With access to recently available firsthand accounts by Chinese, Japanese, British, and American witnesses and previously top secret U.S. intelligence records, Spector tells for the first time the fascinating story of the deadly confrontations that broke out–or merely continued–in Asia after peace was proclaimed at the end of World War II. Under occupation by the victorious Allies, this part of the world was plunged into new power struggles or back into old feuds that in some ways were worse than the war itself. In the Ruins of Empire also shows how the U.S. and Soviet governments, as they secretly vied for influence in liberated lands, were soon at odds.

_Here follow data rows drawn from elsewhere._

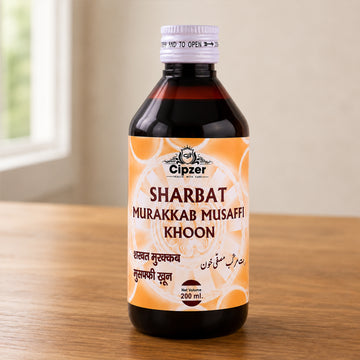 Cipzer Sharbat Murakkab Musaffi Khoon | Herbal Blood Purifier & Detox Syrup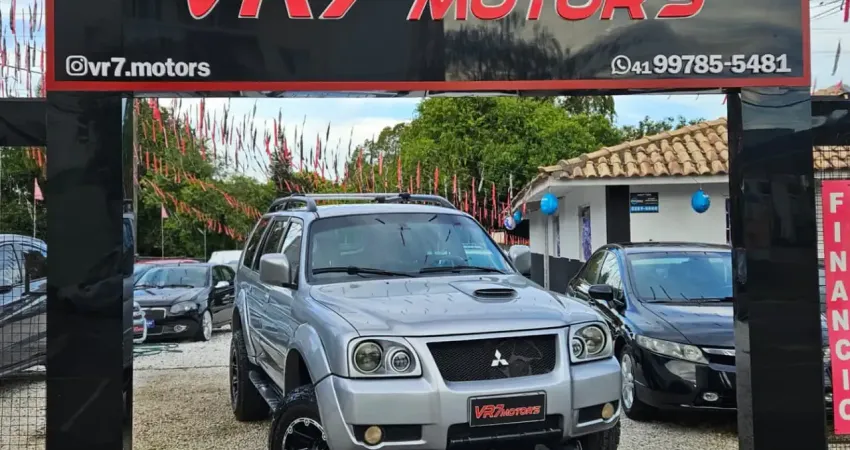 MITSUBISHI PAJERO SPORT HPE 2.5 DIESEL TURBO, MUITO BEM CUIDADA!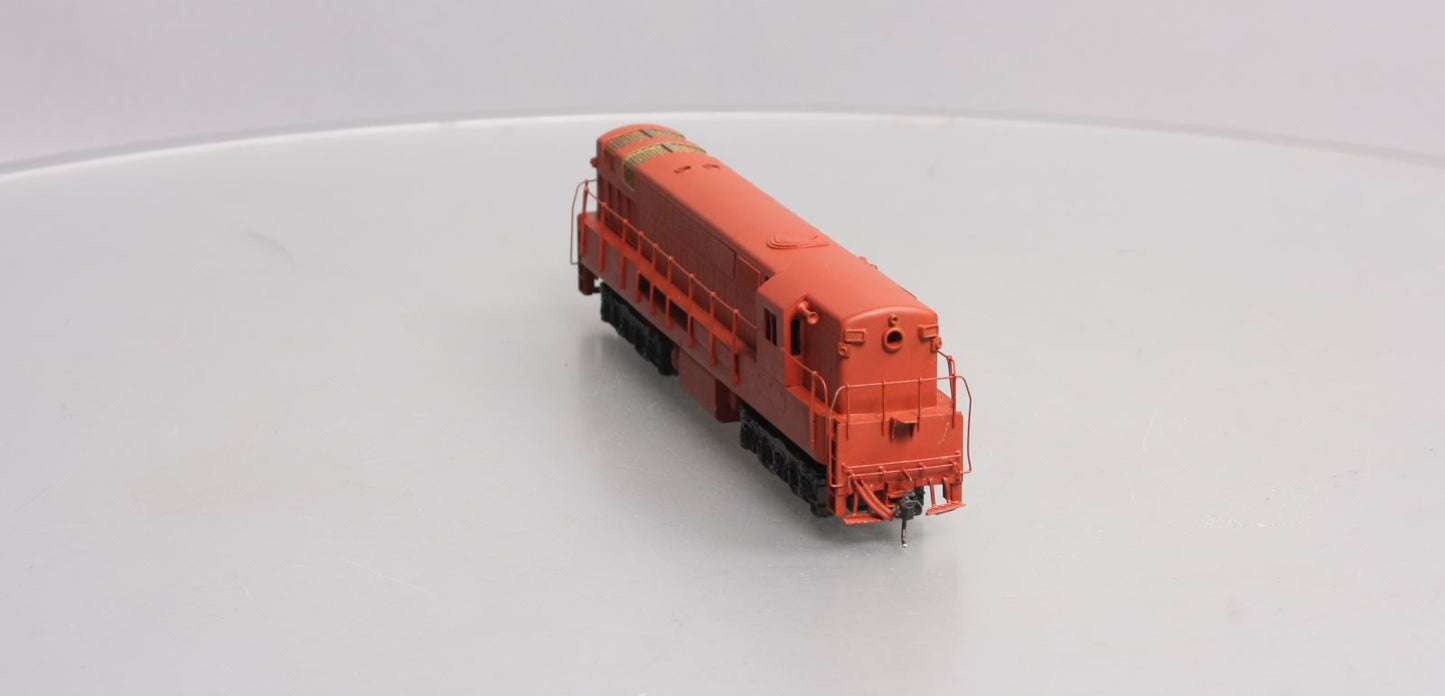 HO Scale Brass Diesel Locomotive EX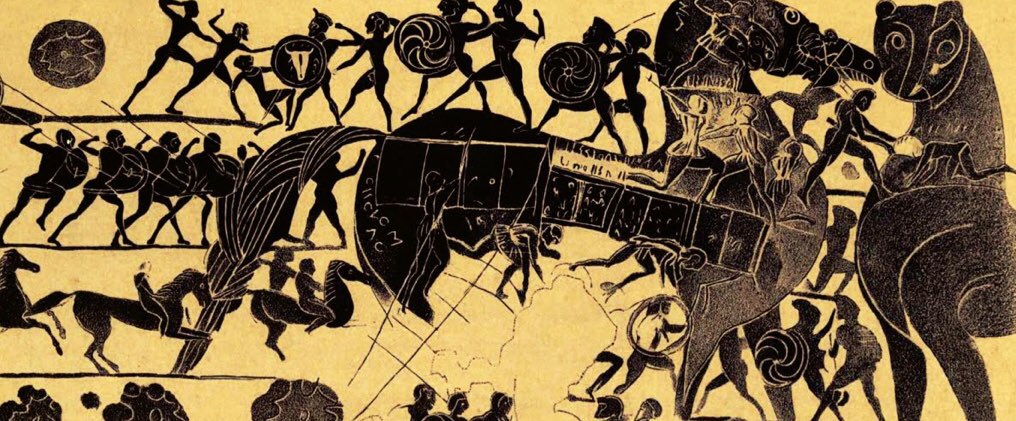 RONINxBIZANTI's tweet photo. “What are the children of men, but as leaves that drop at the winds breath” - Homer, Iliad VI, 147 #Iliad #Troy #Europe #Europa #EuropeanCulture #DefendEvropa https://t.co/IPtD5w8elI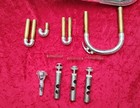 Yamaha Eb Alto Horn  tenorhorn  In Silver Yah202  serial   001210 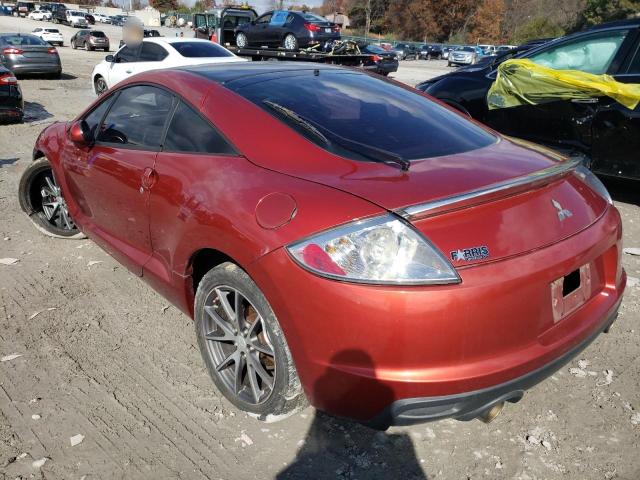 Photo 3 from auction – 2012 MITSUBISHI ECLIPSE GS with VIN 4A31K5DFXCE004653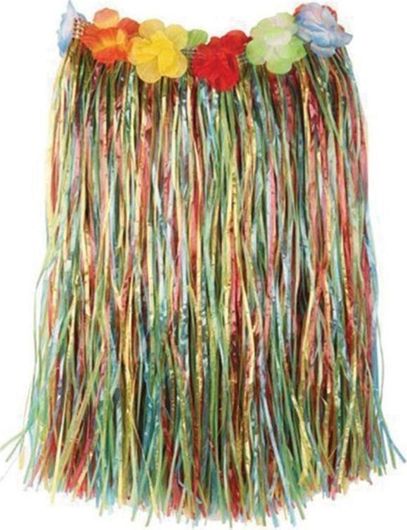 Αποκριάτικο Αξεσουάρ Φούστα Χαβανέζας Νext Κοντή Σετ 3τμχ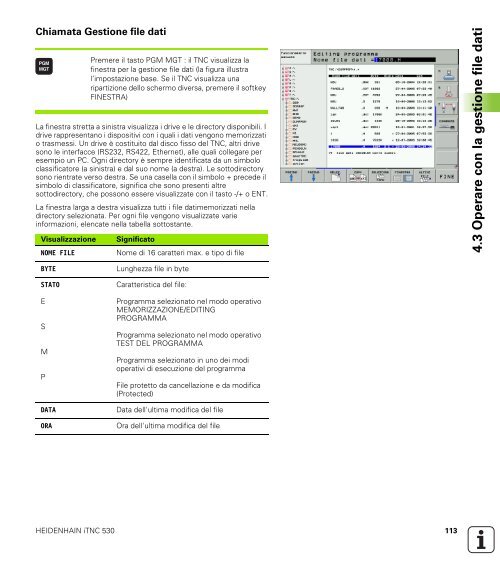 Benutzer-Handbuch iTNC 530 (340 49x-xx) de - heidenhain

At the time of the peace declaration, international suspicions were still strong. Joseph Stalin warned that “crazy cutthroats” might disrupt the surrender ceremony in Tokyo Bay. Die-hard Japanese officers plotted to seize the emperor’s palace to prevent an announcement of surrender, and clandestine relief forces were sent to rescue thousands of Allied POWs to prevent their being massacred.
In the Ruins of Empire paints a vivid picture of the postwar intrigues and violence. In Manchuria, Russian “liberators” looted, raped, and killed innocent civilians, and a fratricidal rivalry continued between Chiang Kai-shek’s regime and Mao’s revolutionaries. Communist resistance forces in Malaya settled old scores and terrorized the indigenous population, while mujahideen holy warriors staged reprisals and terror killings against the Chinese–hundreds of innocent civilians were killed on both sides. In Indochina, a nativist political movement rose up to oppose the resumption of French colonial rule; one of the factions that struggled for supremacy was the Communist Viet Minh led by Ho Chi Minh. Korea became a powder keg with the Russians and Americans entangled in its north and south. And in Java, as the Indonesian novelist Idrus wrote, people brutalized by years of Japanese occupation “worshipped a new God in the form of bombs, submachine guns, and mortars.”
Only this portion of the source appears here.